An international team of scientists discovered that two of the world's most devastating plagues -- the plague of Justinian and the Black Death, each of which killed up to half the people in Europe -- were caused by distinct strains of the same pathogen, one that faded out on its own, the other leading to worldwide spread and re-emergence in the late 1800s. These findings suggest a new strain of plague could emerge again in humans in the future.
The research generates new questions, including: Why did this pandemic die out?

The findings are dramatic because little has been known about the origins of the Justinian Plague, which contributed to the end to the Roman Empire, and its relationship to the Black Death, some 800 years later. The Plague of Justinian struck in the sixth century and killed between 30 and 50 million people -- virtually half the world's population as it spread across Asia, North Africa, Arabia and Europe. The Black Death would strike some 800 years later with similar force, killing 50 million Europeans between just 1347 and 1351 alone.

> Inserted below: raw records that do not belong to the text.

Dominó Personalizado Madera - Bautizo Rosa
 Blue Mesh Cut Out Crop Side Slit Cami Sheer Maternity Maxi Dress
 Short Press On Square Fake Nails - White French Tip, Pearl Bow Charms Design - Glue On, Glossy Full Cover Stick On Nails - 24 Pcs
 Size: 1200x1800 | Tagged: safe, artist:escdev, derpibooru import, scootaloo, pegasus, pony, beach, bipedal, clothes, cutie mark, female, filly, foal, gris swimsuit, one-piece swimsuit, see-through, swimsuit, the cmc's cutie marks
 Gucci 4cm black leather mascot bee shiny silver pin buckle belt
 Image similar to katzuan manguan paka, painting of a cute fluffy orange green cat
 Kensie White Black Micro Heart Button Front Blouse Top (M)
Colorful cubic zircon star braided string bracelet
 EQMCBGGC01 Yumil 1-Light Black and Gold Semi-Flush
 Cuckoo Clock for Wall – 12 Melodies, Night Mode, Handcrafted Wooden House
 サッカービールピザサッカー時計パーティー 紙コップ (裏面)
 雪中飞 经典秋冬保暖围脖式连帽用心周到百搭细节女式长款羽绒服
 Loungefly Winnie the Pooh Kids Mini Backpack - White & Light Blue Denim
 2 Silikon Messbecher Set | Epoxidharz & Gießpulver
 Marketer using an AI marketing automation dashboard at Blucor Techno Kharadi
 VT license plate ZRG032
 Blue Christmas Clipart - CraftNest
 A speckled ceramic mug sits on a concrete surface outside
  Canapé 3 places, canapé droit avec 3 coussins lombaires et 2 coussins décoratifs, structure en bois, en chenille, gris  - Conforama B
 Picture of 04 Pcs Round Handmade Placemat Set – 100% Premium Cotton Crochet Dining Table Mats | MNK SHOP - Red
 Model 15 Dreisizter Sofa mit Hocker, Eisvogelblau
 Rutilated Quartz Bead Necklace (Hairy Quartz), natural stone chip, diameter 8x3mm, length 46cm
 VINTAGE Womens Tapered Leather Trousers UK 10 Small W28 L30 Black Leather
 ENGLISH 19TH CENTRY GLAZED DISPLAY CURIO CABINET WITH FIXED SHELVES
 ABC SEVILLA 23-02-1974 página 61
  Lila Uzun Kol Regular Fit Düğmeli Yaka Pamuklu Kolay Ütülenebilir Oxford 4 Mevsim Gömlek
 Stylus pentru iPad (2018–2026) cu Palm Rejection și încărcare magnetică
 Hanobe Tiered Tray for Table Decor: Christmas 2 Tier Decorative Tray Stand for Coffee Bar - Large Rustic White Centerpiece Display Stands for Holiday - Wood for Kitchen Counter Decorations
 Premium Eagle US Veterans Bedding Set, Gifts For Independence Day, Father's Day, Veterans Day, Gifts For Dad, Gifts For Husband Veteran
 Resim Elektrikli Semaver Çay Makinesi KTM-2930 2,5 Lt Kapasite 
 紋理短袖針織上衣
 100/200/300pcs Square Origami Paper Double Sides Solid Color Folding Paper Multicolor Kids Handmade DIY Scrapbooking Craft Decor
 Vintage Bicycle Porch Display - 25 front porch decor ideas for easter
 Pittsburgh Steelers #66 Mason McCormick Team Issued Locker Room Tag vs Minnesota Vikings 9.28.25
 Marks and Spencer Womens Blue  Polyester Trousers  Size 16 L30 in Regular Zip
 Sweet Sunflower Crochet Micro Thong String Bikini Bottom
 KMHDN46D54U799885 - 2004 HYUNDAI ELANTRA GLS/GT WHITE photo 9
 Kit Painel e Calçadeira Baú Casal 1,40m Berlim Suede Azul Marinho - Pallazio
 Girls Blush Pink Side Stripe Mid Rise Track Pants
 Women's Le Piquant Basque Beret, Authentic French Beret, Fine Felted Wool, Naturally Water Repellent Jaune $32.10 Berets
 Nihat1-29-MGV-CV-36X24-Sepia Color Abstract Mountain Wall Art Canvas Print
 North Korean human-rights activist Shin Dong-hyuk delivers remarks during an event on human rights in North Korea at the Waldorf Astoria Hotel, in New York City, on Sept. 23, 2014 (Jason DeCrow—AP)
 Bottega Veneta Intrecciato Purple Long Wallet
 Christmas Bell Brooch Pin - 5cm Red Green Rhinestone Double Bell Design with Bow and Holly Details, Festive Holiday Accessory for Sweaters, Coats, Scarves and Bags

Researchers from several universities isolated miniscule DNA fragments from the 1,500-year-old teeth of two victims of the Justinian plague, buried in Bavaria, Germany. They reconstructed the genome of the oldest Yersinia pestis, the bacterium responsible for the plague, and compared it to a database of genomes of more than 100 contemporary strains. The results are published in the online edition of The Lancet Infectious Disease. They show the strain responsible for the Justinian outbreak was an evolutionary 'dead-end' and distinct from strains involved later in the Black Death and other plague pandemics that would follow.

The third pandemic, which spread from Hong Kong across the globe is likely a descendant of the Black Death strain and thus much more successful than the one responsible for the Justinian Plague.

This study raises questions about why a pathogen that was so deadly died out. One testable possibility is that human populations evolved to become less susceptible. Another possibility is that changes in the climate became less suitable for the plague bacterium to survive in the wild.

Fortunately, we now have antibiotics that could be used to effectively treat plague, which lessens the chances of another large-scale human pandemic.